We have been given two polynomials and their factors such that we need to find the value of \[p\],\[q,\],\[a\] and \[b\] from it. Let us take the first expression as \[f\left( x \right)\].

\[f\left( x \right)={{x}^{4}}+p{{x}^{3}}-3{{x}^{2}}+2x+q\text{ }\to (1)\]

Now we have been given that \[\left( x+1 \right)\] and \[\left( x-1 \right)\] are factors of the given polynomial. Let us equate them to zero and get the value of \[x\].

$ x+1=0\text{ and }x-1=0 $

$ \therefore x=-1\text{ and }x=1 $

Thus we got the value of \[x=1\text{ },-1\]

Let us put \[x=1\text{ }\]in equation (1)

$ f\left( x \right)={{1}^{4}}+p{{\left( 1 \right)}^{3}}-3{{\left( 1 \right)}^{2}}+2\times \left( 1 \right)+q $

$ \text{ }=1+p-3+2+q $

$ \text{ }=p+q $

Thus we get \[f\left( x \right)=p+q=0\text{ }\to \text{(2)}\]

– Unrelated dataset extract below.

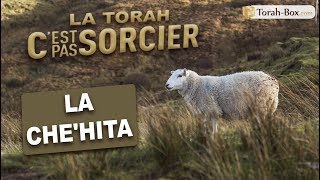 LA CHEHITA abattage rituel  La Torah cest pas sorcier [upl. by Starling]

Let us put \[x=1\text{ }\]in equation (1)

$ f\left( x \right)={{\left( -1 \right)}^{4}}+p{{\left( -1 \right)}^{3}}-3{{\left( -1 \right)}^{2}}+2\times \left( -1 \right)+q $

$ \text{ }=1-p-3-2+q $

$ \text{ }=q-p-4=0\text{ }\to \text{(3)} $

Thus we got two equations (2) and (3). Let us solve them and find the value of  \[p\] and \[q\].

From (2), \[p=-q,\] put this value in (3)

$ q-p=4 $

$ q-\left( -q \right)=4 $

$ q+q=4 $

$ 2q=4 $

$ \therefore q=2 $

Now put  \[q=2,\]

$q-p=4 $

$ 2-\left( p \right)=4 $

$  \therefore p=-2 $

Hence we got p = -2 and q = 2

Now let us take 2nd expression as \[f\left( x \right)\]

\[f\left( x \right)={{x}^{3}}-a{{x}^{2}}-13x+b\text{ }\to \text{(4)}\]

We have been given that \[\left( x-1 \right)\] and \[\left( x+3 \right)\] are the factors of this polynomial. Let us equate them to zero and get the value of \[x\].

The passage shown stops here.